Pesanggrahan Taman Sari dibangun setelah
Perjanjian Giyanti (1755), yakni setelah Sultan Hamengku Buwono sekian
lama terlibat dalam persengketaan dan peperangan. Bangunan tersebut
dimaksudkan sebagai bangunan yang dapat dipergunakan untuk menenteramkan
hati, istirahat, dan berekreasi. Meskipun demikian, Taman Sari ini juga
dipersiapkan sebagai sarana/ benteng untuk menghadapi situasi bahaya.
Di samping itu, bangunan ini juga digunakan untuk sarana ibadah. Oleh
karenanya Pesanggrahan Taman Sari juga dilengkapi dengan masjid,
tepatnya di bangunan Sumur Gumuling.
Kompleks Taman Sari yang menempati lokasi
seluas lebih dari 12 hektare berarsitektur dan relief perpaduan antara
gaya arsitektur Hindu, Budha, Islam, Eropa, dan Cina itu selesai
dibangun pada tahun 1765 Masehi. Untuk memberi makna pada setiap
bangunan, Sri Sultan Hamengku Buwono I waktu itu memberi nama
masing-masing bangunan yakni Keraton Pulo Kenanga, Masjid Taman Sari dan
Pulo Penambung yang terapung di atas air, kolam pemandian dan gedung
tempat tidur Sri Sultan dan Permaisuri.
Dalam Babad Memana dan serat rerenggan,
pengadaan bahan bangunan pembangunan Tamansari dipimpin Rangga Prawiro
Sentiko, Bupati Madiun. Sedang pengawas pelaksanaan pembangunan
dilakukan Tumenggung Mangundipuro.
Dalam catatan sejarah, pada tahun 1812
beberapa bangunan hancur akibat serangan Inggris dan tahun 1867 terjadi
gempa bumi yang juga menghancurkan beberapa bangunan di kompleks Taman
Sari. Namun saat ini keagungan masa lampau itu sirna oleh menjamurnya
rumah-rumah penduduk di sekitarnya, kompleks Taman Sari sesungguhnya
menjadi tak jelas.
Bangunan itu, memiliki nama masing-masing
sesuai dengan fungsi atau kegunaan, seperti Gapura Agung adalah pintu
masuk menuju kompleks Taman Sari yang dilengkapi dengan empat gedung
kembar yang berfungsi sebagai pos penjagaan dan disebut pecaosan serta
ada tempat ganti pakaian abdi dalem yang sehabis menjalankan tugas
penjagaan yang disebut paseban.
Kolam pemandian terletak di sebelah
selatan masjid membujur dari utara ke selatan terdiri dari kolam
pemandian yang disebut Umbul Kawitan, Umbul Pamuncar, Umbul Panguras.
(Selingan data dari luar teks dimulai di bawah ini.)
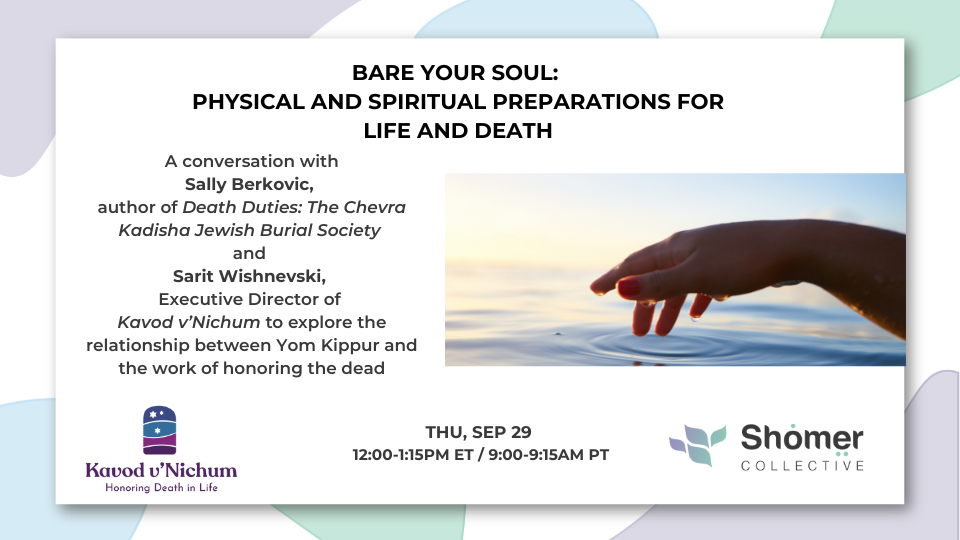Bare Your Soul: Physical and Spiritual Preparations for Life and Death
Umbul Panguras adalah kolam pemandian
khusus bagi Sri Sultan, sedangkan Umbul Pamuncar adalah kolam pemandian
yang disediakan bagi permaisuri, dan Umbul Kawitan untuk putra-putrinya
Raja.
Bangunan lain Gedung Cemeti, Taman
Ledoksari merupakan tempat peraduan dan tempat yang sangat pribadi untuk
raja. Dalam sebuah rumor, menyebutkan, Taman Sari memiliki terowongan
yang ujungnya tembus ke pantai selatan yang disebut Parangkusuma dan
berfungsi sebagai sarana persiapan penyelamatan jika terjadi peperangan.
Satu bangunan yang menyiratkan perpaduan
arsitektur Portugis dan Jawa adalah Sumur Gumuling, Bentuknya menyerupai
gedung teater melingkar dan tepat di tengah bangunan, terdapat telaga
buatan (Segaran) terdapat puing bangunan besar dan luas.
Di salah satu sisinya terdapat tangga
setapak yang gelap menjuju lorong bawah tanah Taman Sari yaitu Sumur
Gumuling. Di ujung lorong terus menuju atrium (bilik) bundar yang
terbuka bagian atasnya. Di tengah dasar atrium ada kolam kecil seperti
sumur. Ruang kecil di sisi barat dari kedua galeri ini dipakai sebagai
masjid. Jika dilihat dari keunikan struktur bangunan ada kemungkinan
tempat itu didesain sebagai tempat meditasi dan pengasingan diri.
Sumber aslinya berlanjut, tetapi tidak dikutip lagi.